Well, CV, I think the answer to your final question is both simple and complicated. Guess that makes it complicated in the end... hahahahaha.
Again, there are 3 entities here... you, your H and your M. You must preserve individual rights, but always also protect the "greater good," which would be the marriage. I just don't see how going floating with you is trampling on your H's individual rights. If, say, he would be in pain or had some fear towards it, then I would say it's best he protects his individual rights. But if he's just saying no just because he doesn't feel like it, then we have a case where he's ignoring the needs of the M... I'm not sure you are pushing your will necessarily by wanting to go floating... like you said, if it were simply about your will, you'd go yourself. But I think you have a mind towards the entity of M when you ask him to join you and the need of the M to have bonding time. When the answer is ALWAYS no about what you want to do, well, now we are back to trampling on one's individual rights. In this case, yours.

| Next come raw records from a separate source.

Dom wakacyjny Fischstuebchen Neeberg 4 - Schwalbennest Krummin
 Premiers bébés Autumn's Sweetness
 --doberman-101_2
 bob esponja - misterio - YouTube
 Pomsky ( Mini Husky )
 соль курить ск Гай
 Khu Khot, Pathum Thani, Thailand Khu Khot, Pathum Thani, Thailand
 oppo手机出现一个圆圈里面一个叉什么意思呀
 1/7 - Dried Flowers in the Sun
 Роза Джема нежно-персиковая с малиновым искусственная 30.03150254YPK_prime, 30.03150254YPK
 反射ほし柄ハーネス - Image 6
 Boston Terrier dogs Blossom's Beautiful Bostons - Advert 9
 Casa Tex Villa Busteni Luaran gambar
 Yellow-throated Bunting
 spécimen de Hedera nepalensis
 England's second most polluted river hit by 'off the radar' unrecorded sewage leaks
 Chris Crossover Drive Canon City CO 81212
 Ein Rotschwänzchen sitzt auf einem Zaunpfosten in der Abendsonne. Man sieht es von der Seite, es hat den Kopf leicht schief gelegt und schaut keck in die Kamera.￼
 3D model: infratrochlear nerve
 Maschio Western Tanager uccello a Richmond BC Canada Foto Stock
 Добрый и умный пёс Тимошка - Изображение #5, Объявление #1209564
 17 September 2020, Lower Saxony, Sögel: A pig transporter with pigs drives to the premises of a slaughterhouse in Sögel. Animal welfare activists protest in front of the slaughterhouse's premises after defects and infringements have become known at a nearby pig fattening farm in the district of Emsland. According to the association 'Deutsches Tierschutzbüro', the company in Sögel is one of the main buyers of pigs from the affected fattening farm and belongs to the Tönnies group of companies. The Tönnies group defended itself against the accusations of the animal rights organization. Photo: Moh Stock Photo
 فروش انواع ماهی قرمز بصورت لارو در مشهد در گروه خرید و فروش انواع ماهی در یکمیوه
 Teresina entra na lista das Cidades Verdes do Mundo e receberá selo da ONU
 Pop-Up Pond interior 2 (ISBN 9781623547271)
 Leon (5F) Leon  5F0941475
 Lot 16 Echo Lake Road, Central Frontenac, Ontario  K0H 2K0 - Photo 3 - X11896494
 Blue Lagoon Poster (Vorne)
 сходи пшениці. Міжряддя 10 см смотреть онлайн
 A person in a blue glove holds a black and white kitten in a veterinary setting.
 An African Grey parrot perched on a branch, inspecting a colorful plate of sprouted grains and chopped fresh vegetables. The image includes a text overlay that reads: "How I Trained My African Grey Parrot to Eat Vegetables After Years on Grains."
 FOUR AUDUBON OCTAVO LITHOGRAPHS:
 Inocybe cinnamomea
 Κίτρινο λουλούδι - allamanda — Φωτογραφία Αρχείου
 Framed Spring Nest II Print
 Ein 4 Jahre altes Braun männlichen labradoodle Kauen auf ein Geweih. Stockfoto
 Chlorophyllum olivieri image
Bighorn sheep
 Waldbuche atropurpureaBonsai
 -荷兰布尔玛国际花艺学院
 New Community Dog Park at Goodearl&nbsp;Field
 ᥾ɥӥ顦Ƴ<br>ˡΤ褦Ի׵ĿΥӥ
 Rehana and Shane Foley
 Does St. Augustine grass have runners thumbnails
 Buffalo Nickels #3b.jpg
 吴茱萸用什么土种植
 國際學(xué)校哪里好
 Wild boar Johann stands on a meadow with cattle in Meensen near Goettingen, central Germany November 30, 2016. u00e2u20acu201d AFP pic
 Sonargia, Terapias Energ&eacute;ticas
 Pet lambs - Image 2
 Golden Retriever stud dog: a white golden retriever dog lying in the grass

See, I don't blame you. In fact, I agree with you. I just think sometimes these things do need to be argued. Certainly more than I ever did. I can't sit here and say he never did what I wanted because I know while that is true, I did nothing to point that out to him. I did nothing to explain the importance. And by not doing that, I didn't have a mind towards the M either. It was all about me and my hurt feelings and fear of further rejection. At no point, until now, was I thinking well I need to talk with him further about this because this is seriously affecting the M. I never gave him a fair shot or the M because I was too busy being hurt.